É, invariavelmente, por volta das cinco e meia: desço, dou três puxadelas na corda de ligação do soprador e a gasolina de mistura começa a trabalhar a sua magia. Dez minutos mais tarde a avenida das pipas e todo o alpendre nascente estão sem folhas, limpinhos. Nessa altura já posso subir, tomar o meu banho, despachar-me e voltar para baixo.
E então um novo ritual: ligar a música, as cascatas de luz, trazer o pão quentinho, que o padeiro deixa lá ao fundo, e colocá-lo na grande cesta verde, nem muito abafado, nem demasiado exposto ao ar.
Nessa altura o presunto espreita-me e, por vezes, não lhe resisto: lasco-o com devoção e junto-lhe a mor tentação em forma de côdea de pão quente com um toque de manteiga.
Enquanto na cozinha já se ouvem as vozes que preparam o jantar, começam-me a chegar os meninos.
– Falta passar o pano nas mesas e verificar os cinzeiros da rua.
– Já estou a tratar disso…
– Abram também o resto dos toldos e preparem as mesas das reservas e a máquina dos copos…
Às vezes tenho tempo para parar e olhar à volta.

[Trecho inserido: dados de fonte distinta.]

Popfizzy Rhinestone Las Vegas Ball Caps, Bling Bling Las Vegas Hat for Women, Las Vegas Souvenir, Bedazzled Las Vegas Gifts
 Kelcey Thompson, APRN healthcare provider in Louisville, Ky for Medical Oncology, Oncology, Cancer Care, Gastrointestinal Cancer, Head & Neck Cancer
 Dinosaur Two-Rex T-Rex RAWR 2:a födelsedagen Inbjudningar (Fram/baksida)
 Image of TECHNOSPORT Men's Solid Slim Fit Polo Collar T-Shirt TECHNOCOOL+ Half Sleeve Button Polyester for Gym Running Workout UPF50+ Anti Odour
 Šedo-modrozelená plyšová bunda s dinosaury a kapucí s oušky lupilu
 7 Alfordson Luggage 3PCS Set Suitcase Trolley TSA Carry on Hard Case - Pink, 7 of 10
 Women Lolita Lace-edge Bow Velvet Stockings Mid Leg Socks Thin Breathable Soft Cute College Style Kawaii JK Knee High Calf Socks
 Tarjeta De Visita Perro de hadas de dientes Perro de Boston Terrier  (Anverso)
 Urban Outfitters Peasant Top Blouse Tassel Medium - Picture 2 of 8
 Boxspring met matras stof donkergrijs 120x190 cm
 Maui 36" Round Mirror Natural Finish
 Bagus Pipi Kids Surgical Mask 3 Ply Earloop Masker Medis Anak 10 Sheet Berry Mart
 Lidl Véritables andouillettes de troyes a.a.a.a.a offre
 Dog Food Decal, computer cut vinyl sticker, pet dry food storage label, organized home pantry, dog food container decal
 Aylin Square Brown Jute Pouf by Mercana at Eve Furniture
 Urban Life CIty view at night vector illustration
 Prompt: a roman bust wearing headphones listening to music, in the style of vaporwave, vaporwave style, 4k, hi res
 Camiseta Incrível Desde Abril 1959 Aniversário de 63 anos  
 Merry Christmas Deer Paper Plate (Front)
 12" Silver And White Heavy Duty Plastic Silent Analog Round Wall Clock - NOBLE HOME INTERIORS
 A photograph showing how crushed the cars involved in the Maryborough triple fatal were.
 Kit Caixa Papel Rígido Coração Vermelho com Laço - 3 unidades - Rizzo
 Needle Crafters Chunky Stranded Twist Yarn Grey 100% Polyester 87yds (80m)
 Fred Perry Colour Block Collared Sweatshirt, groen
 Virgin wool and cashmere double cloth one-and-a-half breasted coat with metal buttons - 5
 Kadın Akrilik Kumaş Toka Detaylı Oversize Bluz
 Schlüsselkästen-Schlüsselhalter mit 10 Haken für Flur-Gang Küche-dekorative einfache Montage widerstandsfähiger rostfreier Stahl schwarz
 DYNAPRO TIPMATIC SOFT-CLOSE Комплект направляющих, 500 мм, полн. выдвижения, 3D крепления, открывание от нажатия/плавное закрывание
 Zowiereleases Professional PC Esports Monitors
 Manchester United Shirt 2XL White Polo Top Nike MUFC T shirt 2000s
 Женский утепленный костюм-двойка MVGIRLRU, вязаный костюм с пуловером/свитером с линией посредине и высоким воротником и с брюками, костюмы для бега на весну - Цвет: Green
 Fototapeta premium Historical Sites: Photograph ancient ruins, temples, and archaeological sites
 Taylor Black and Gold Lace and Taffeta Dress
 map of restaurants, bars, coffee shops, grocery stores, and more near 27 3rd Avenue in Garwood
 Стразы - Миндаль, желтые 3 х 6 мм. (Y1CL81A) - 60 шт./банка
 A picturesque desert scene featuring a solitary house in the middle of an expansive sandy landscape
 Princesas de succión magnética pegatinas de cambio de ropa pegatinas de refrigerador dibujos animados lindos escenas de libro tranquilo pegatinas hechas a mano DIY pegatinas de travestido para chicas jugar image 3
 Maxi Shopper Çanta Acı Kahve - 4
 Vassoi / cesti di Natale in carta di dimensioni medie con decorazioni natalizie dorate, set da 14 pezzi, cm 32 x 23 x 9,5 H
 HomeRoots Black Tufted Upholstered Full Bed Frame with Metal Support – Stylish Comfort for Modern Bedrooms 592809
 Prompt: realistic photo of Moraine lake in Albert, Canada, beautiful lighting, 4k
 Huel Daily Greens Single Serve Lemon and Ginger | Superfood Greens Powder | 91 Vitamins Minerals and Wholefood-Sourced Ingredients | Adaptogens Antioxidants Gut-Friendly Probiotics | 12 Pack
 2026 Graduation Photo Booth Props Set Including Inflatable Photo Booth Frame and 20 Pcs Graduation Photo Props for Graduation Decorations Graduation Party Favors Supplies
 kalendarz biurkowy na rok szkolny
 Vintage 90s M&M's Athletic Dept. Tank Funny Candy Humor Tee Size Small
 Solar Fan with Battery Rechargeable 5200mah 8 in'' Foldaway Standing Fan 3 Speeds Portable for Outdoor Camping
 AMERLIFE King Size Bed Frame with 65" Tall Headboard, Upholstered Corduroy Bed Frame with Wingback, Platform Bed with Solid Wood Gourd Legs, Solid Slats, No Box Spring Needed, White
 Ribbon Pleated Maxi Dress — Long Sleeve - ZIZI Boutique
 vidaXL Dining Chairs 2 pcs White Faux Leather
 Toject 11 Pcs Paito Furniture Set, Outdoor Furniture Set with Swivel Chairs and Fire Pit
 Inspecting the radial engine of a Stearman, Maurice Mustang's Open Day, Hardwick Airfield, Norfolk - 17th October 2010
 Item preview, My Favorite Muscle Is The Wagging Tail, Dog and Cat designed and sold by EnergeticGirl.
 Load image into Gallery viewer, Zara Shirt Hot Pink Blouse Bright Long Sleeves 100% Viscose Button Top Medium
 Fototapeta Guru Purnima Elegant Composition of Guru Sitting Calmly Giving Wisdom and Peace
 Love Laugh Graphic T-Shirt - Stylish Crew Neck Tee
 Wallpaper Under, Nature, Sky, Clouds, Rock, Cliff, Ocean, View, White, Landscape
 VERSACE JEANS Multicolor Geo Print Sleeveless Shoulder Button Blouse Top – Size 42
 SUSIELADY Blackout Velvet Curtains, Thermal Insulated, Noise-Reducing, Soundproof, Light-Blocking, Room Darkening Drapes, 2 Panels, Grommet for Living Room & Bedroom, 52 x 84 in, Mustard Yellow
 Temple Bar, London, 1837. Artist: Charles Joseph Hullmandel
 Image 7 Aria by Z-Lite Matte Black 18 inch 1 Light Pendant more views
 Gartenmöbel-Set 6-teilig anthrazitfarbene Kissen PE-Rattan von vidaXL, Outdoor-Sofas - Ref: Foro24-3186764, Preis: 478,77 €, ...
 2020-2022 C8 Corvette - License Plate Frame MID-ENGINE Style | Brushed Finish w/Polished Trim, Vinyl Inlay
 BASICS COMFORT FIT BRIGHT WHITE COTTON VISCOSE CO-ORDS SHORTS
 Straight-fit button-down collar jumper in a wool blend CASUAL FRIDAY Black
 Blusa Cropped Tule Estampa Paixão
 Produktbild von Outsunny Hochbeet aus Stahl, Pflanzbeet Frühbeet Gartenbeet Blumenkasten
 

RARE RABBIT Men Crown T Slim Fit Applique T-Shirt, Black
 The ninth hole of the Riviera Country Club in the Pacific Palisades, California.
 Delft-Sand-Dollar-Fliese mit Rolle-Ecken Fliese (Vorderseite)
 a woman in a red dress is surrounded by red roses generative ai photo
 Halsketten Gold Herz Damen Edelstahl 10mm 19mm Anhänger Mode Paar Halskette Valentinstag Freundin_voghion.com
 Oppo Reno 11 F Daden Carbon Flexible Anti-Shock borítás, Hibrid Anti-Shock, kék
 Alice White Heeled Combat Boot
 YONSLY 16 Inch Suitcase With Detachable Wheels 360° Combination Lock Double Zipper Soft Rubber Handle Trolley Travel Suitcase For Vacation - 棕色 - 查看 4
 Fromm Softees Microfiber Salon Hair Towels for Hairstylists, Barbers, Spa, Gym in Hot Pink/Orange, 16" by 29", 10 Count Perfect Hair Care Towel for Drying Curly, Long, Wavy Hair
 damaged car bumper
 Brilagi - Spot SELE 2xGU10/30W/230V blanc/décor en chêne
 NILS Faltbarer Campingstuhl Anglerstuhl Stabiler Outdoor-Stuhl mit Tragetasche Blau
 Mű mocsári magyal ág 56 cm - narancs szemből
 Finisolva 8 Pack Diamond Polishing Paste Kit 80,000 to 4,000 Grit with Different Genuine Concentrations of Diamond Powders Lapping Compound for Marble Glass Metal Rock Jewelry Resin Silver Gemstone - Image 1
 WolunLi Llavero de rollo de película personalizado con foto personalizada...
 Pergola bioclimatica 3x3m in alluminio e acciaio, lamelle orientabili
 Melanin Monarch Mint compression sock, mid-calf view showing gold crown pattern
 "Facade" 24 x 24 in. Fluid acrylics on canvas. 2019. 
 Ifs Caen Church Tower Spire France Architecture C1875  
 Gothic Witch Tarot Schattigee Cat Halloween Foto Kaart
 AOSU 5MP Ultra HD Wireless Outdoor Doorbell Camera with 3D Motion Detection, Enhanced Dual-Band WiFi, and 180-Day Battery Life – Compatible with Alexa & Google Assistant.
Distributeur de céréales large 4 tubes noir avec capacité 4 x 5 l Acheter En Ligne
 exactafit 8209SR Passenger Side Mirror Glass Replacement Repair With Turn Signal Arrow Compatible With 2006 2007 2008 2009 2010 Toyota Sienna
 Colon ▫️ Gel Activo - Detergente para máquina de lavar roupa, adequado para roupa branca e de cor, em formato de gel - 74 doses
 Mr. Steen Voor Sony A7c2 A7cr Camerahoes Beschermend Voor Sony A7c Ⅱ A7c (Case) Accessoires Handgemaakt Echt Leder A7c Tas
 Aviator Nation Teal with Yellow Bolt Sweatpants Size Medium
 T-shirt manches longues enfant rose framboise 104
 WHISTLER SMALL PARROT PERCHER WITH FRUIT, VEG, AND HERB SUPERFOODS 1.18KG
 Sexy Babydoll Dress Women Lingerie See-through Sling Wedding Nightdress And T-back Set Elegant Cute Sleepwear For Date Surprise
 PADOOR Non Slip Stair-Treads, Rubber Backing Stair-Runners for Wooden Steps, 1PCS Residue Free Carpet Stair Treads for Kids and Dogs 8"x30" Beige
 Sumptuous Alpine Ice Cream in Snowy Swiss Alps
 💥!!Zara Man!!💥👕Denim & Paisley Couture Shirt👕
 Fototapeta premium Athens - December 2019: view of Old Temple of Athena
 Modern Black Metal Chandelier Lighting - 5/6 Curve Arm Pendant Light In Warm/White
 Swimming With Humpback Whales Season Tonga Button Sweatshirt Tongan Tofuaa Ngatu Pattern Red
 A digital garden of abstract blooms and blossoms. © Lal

Tempo para me encantar, outra vez como a primeira, com a beleza de tudo. Tempo para deixar que a incrível energia do espaço me atinja outra vez, como a activação de um incontestável super poder. Tempo para intuir os sorrisos orgulhosos e tão incrivelmente felizes dos fundadores que já só estão sem serem vistos.
Às vezes perguntam-me como é que é possível que aqui, atrás dos montes escondido, se encontre este surpreendente tesouro. Respondo que tal característica é a sua própria essência: é por estarem escondidos que os tesouros são tesouros… e é por terem guardadas em si, sem que se deixem ver, as soberbas energias de um clã.